[Introduction]
- Type de publication : Chapitre d’ouvrage
- Ouvrage : Valery Larbaud, « cosmopolite » des lettres ?
- Pages : 61 à 61
- Collection : Études de littérature des xxe et xxie siècles, n° 91
C’est dans l’introduction à son « grand ouvrage1 » sur l’Histoire de la littérature anglaise – l’épithète est de Larbaud – que Taine exalte la « diversité infinie » des hommes déjà observée chez un Joseph de Maistre raillant l’abstraction révolutionnaire : « La constitution de 1795, tout comme ses aînées, est faite pour l’homme. Or, il n’y a point d’homme dans le monde. J’ai vu, dans ma vie, des Français, des Italiens, des Russes, etc. ; je sais même, grâces à Montesquieu, qu’on peut être Persan : mais quant à l’homme, je déclare ne l’avoir rencontré de ma vie2 ». Des « Français », des « Italiens », des « Russes », Larbaud en a rencontrés lors de son « grand tour » d’Europe, comme de son grand tour – à nous de le mesurer – des littératures. Jusqu’à la Première Guerre mondiale, cet amateur-collectionneur de différences a bien plus joui de la diversité du monde qu’il n’en a pensé l’unité. Dominant les premières années de sa vie littéraire, où le bon – parce que licencieux – usage de l’étranger sert son émancipation intellectuelle et sociale, ce cosmopolitisme différentialiste décline sans toutefois disparaître après 1919. Donnant l’impression – pénible pour certains – d’être passé au travers du « kantisme3 » des classes républicaines, Larbaud s’est construit, en quête du Divers, au contact de l’Autre : « et cela jusqu’à l’oubli de nous-mêmes dans notre recherche de tout ce qui était autre4 ». Le Moi larbaldien ne saurait cependant s’oublier. Comment Larbaud, fort de son individualisme, a-t-il su renouveler le rapport à l’Autre, corriger la tradition romantique de l’exotisme et célébrer la diversité du monde et des littératures ?
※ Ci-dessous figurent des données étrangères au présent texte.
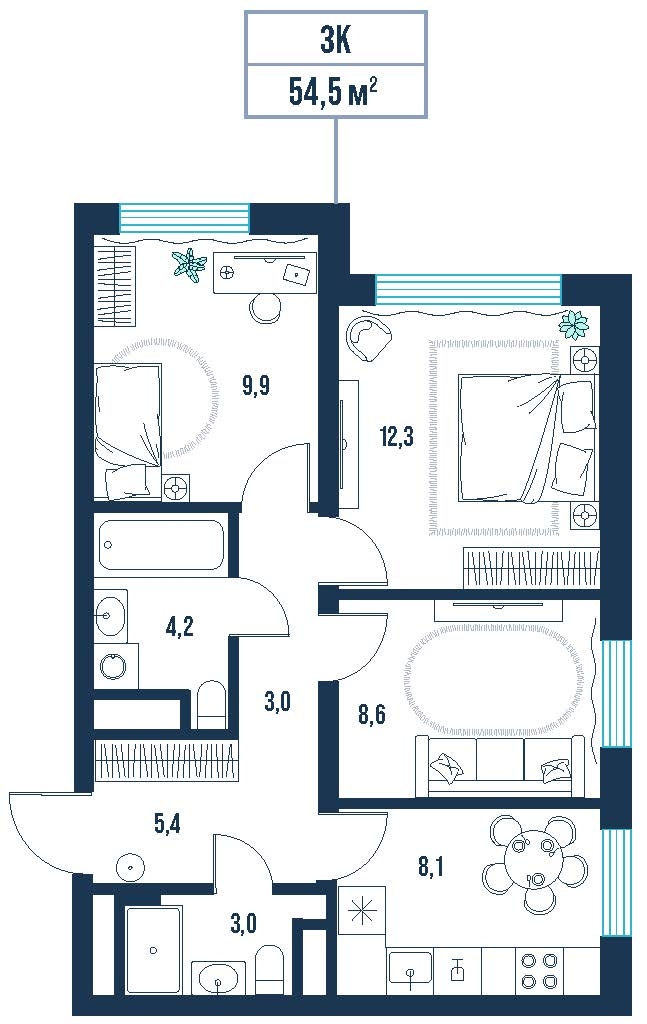 Планировка: Формат уточняется 54.5 м² в ЖК AIRIS, Комарово Парк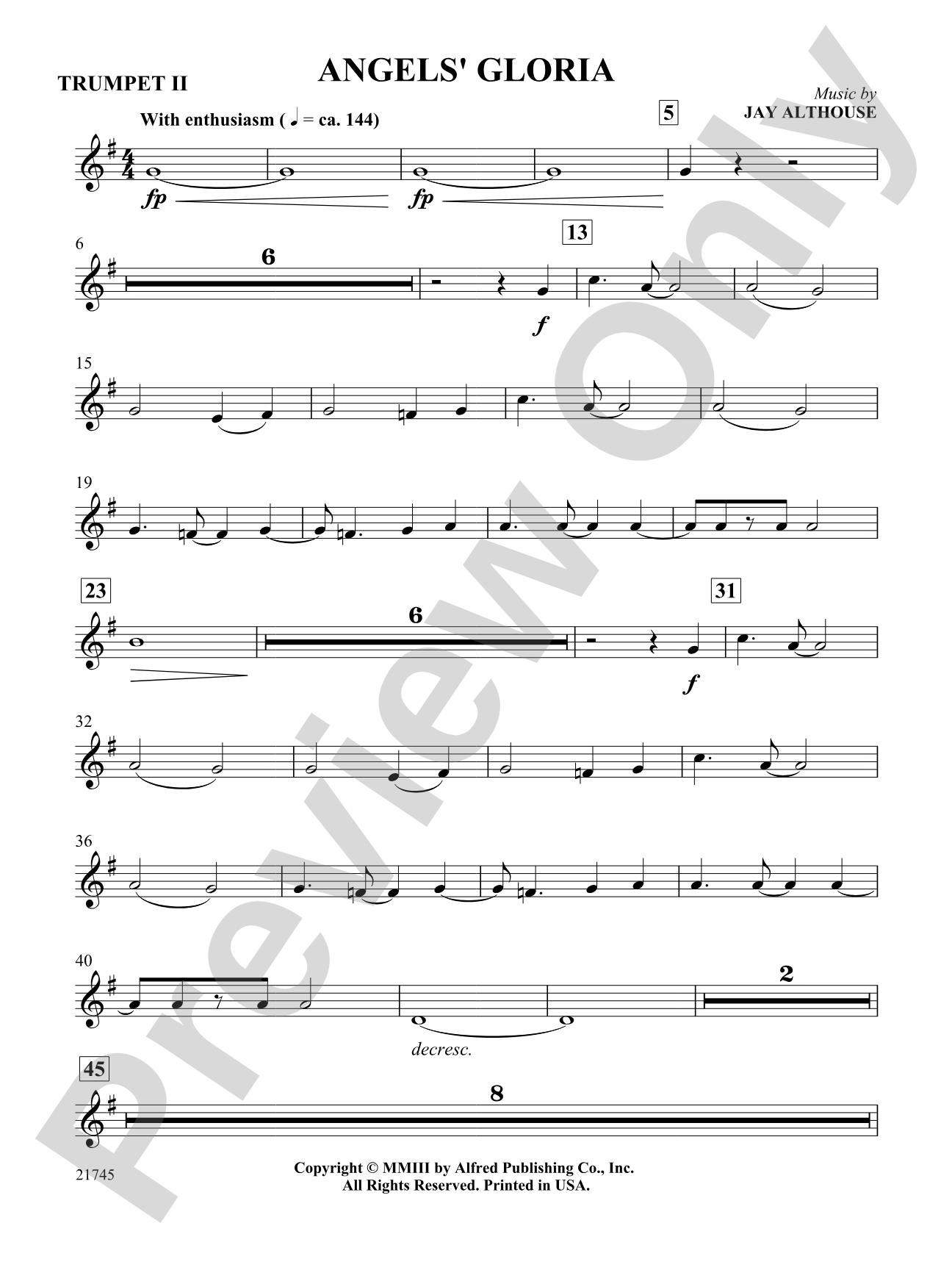Angels' Gloria: 2nd B-flat Trumpet: Choral SoundPax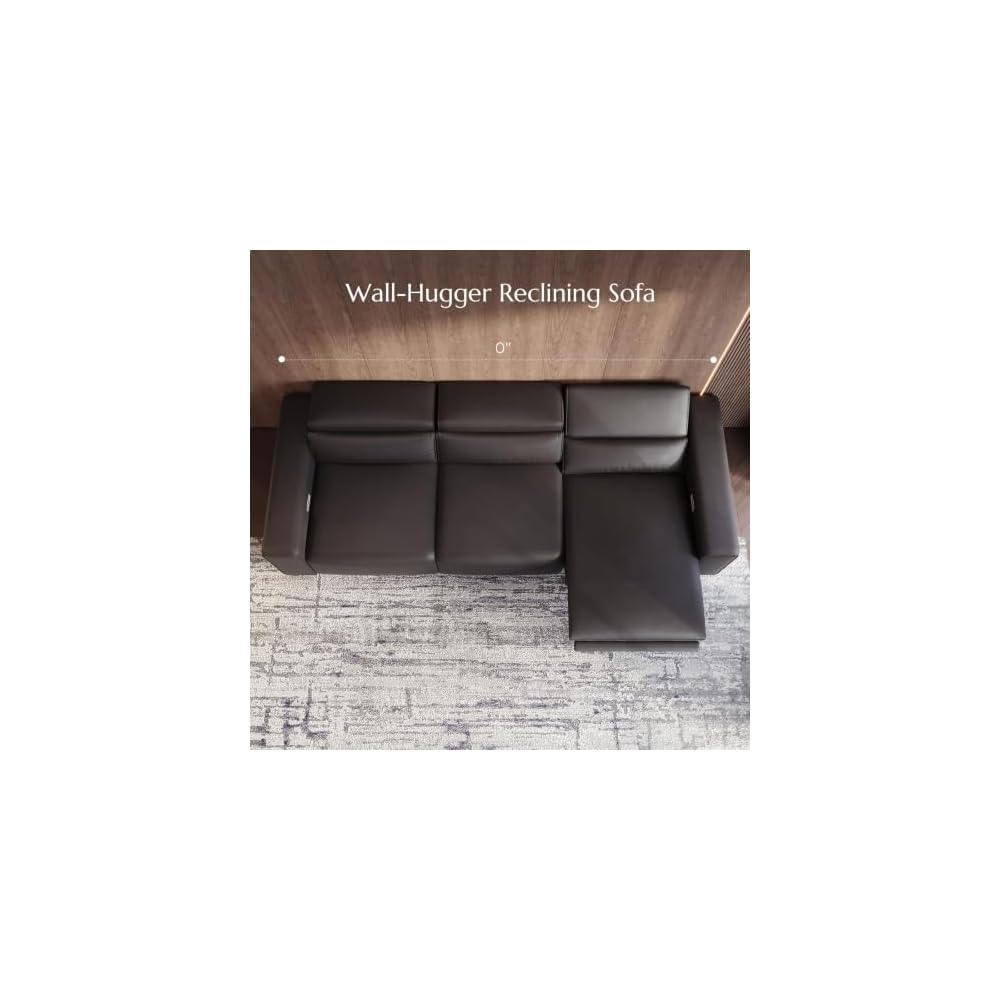 POVISON Benjamin 77'' Faux Leather Reclining Sofa, 2 Seater, Black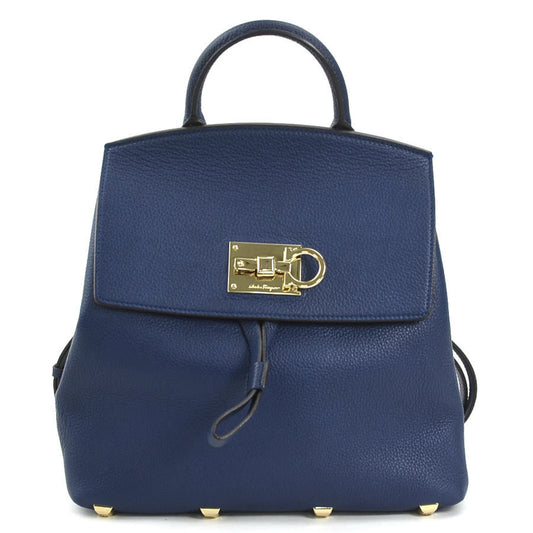 Salvatore Ferragamo, Navy, Leather, backpack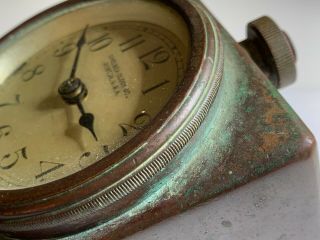 Antique Vintage RARE Copper & Wood Desk Clock Chelsea Clock Co.  Boston USA Ship 2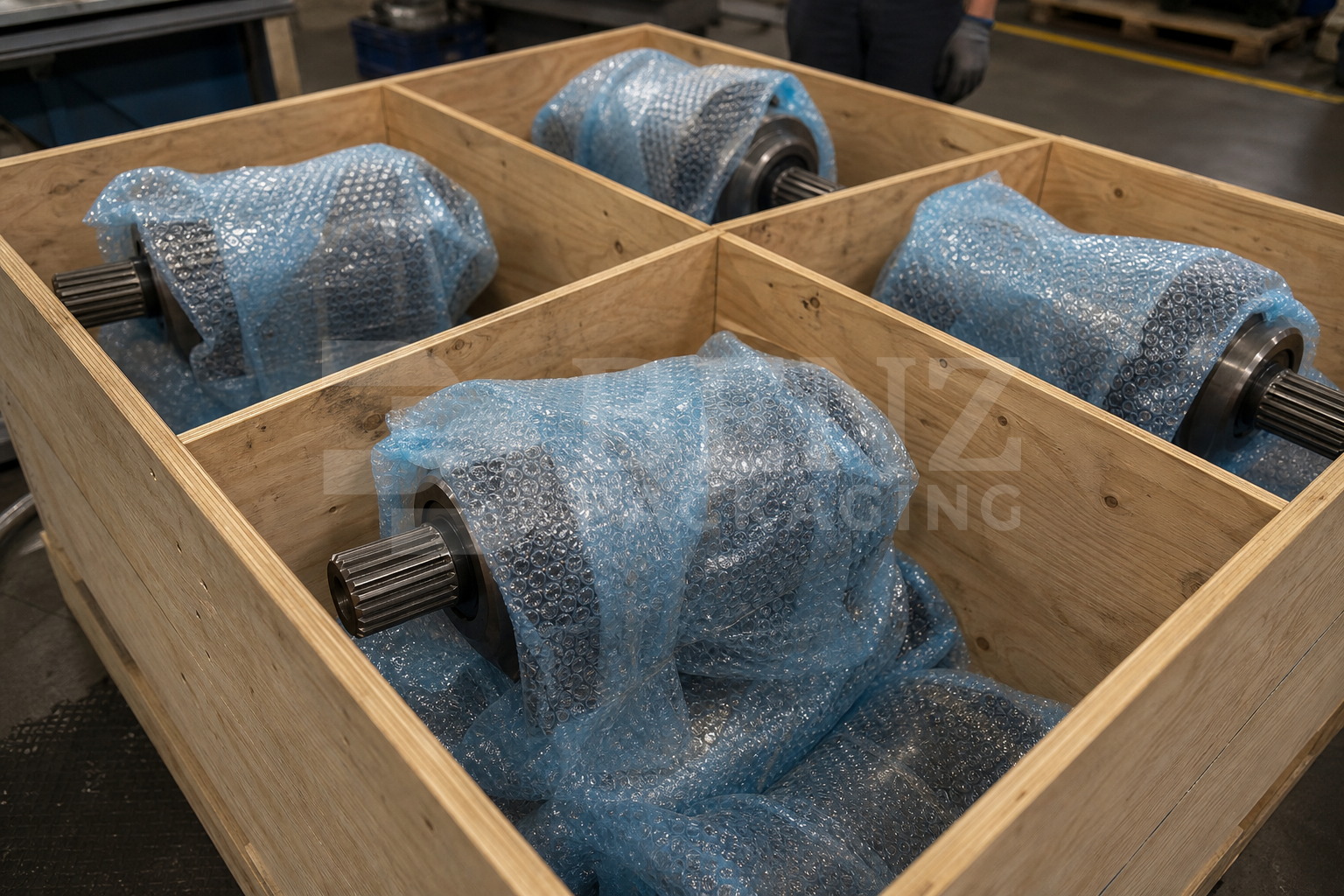 VCI bubble film cushioning a hydrostatic pump set in an industrial protective pack.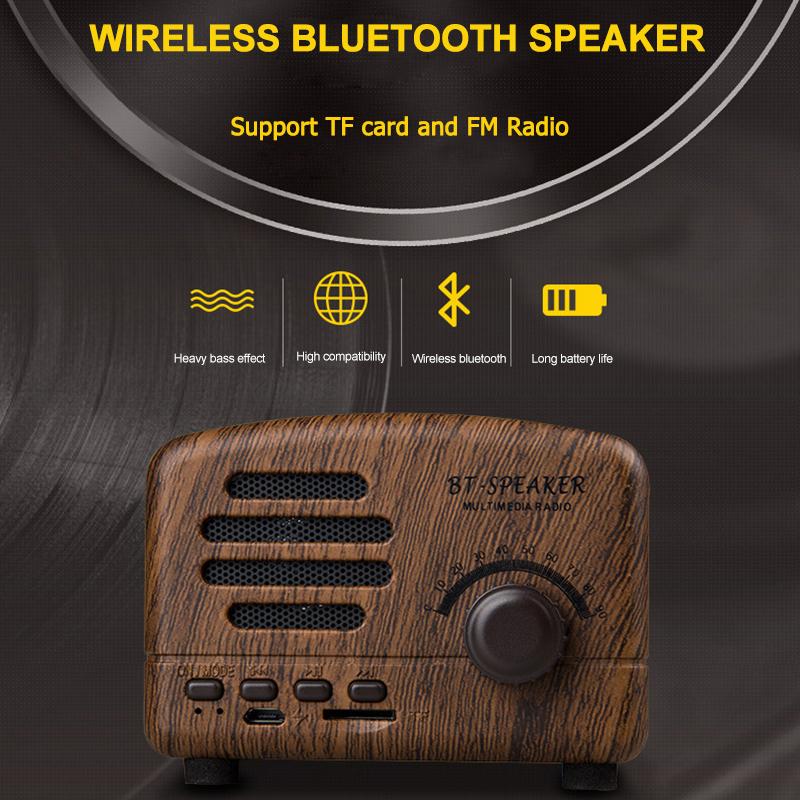 

Mini Vintage Bluetooth Speaker Retro Old Fashioned Classic Style 1200mah Loundspeaker Subwoofer FM Radio TF Card for Gift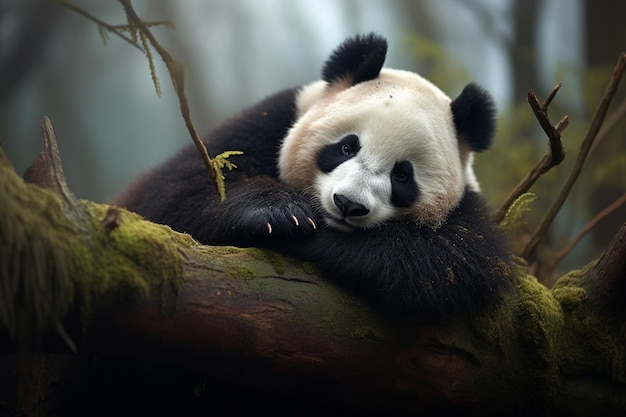 Panda durmiendo en una rama de árbol Generativo por Ai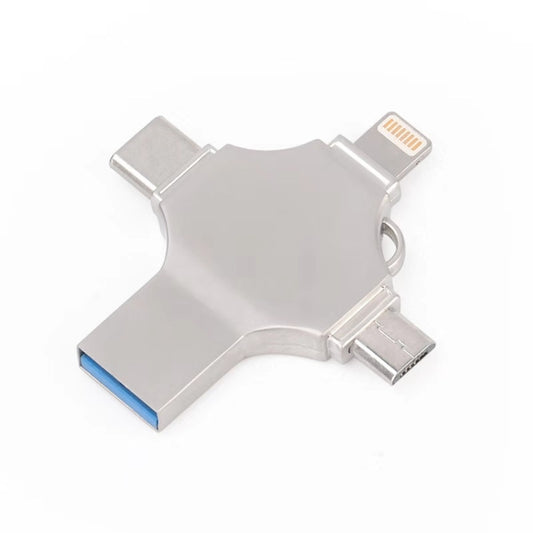 Cross 4 in 1 16GB 8 Pin + Micro USB + USB-C / Type-C + USB 3.0 Metal Flash Disk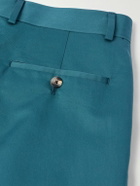Caruso - Slim-Fit Pleated Cotton and Silk-Blend Twill Trousers - Blue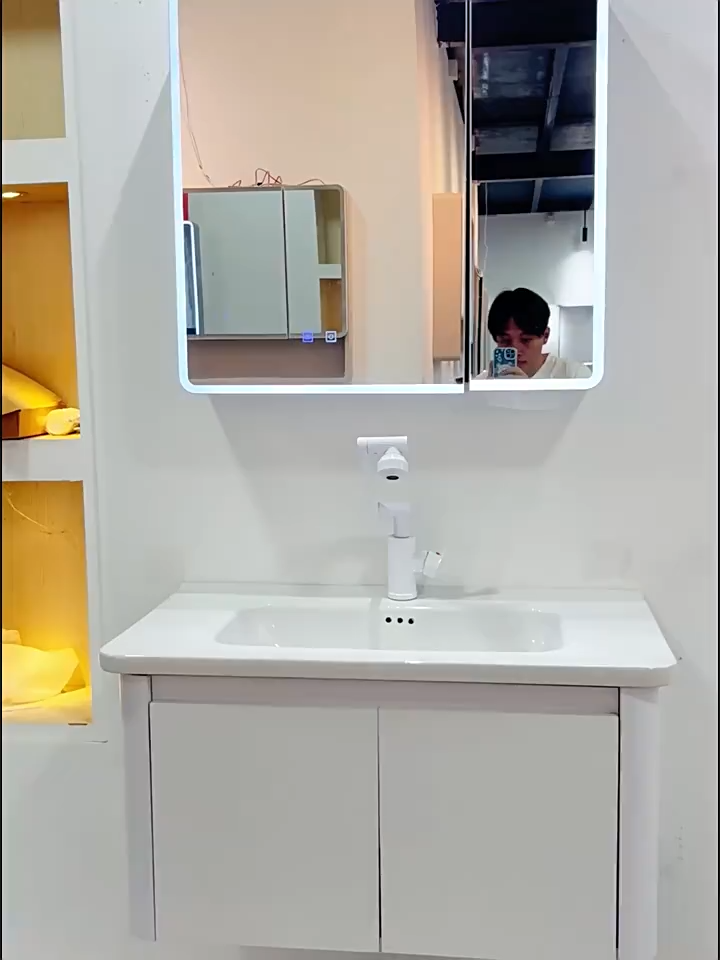 Bathroom Cabinet Set HDB BTO  Honeycomb Aluminium Integrated Ceramic Sink Smart Mirror Waterproof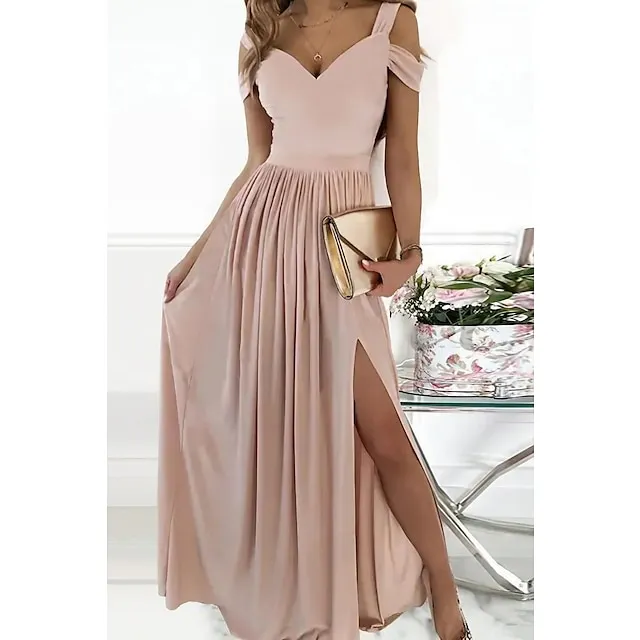 Women‘s Party Dress Homecoming Dress Swing Dress Long Dress Maxi Dress Green Pink Light Green Short Sleeve Pure Color Cold Shoulder Spring Summer V Neck Romantic Party S M L XL XXL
1 « Une anthologie de nos traducteurs de l’anglais », La Revue de France, 1er août 1922, repris dans DA p. 515.
2 Joseph de Maistre, Considérations sur la France, Lyon, Rusand, 1834, p. 102-103. Souligné dans le texte. Cf. Au sujet des Fables de La Fontaine dans « Devoirs de vacances » : « D’abord, nous avions eu bien de la peine à les comprendre : “le lion”, “le chien” ; quel lion ? quel chien ? Il y avait les lions du jardin des Plantes ; il y avait des chiens, tous différents les uns des autres ; Ding le Fou, Brutus la Terreur, et la petite Gipsy, qui était des “bien sages”. Il n’y avait pas “le lion”, il n’y avait pas “le chien” », « Devoirs de vacances », Enfantines, Paris, Éditions de La NRF, 1918, repris dans Œ p. 494.
3 Maurice Barrès, Scènes et doctrines du nationalisme, Paris, Félix Juven, 1902, p. 56.
4 « Paris de France », Le Navire d’Argent, 1er juin 1925, repris dans Œ p. 782.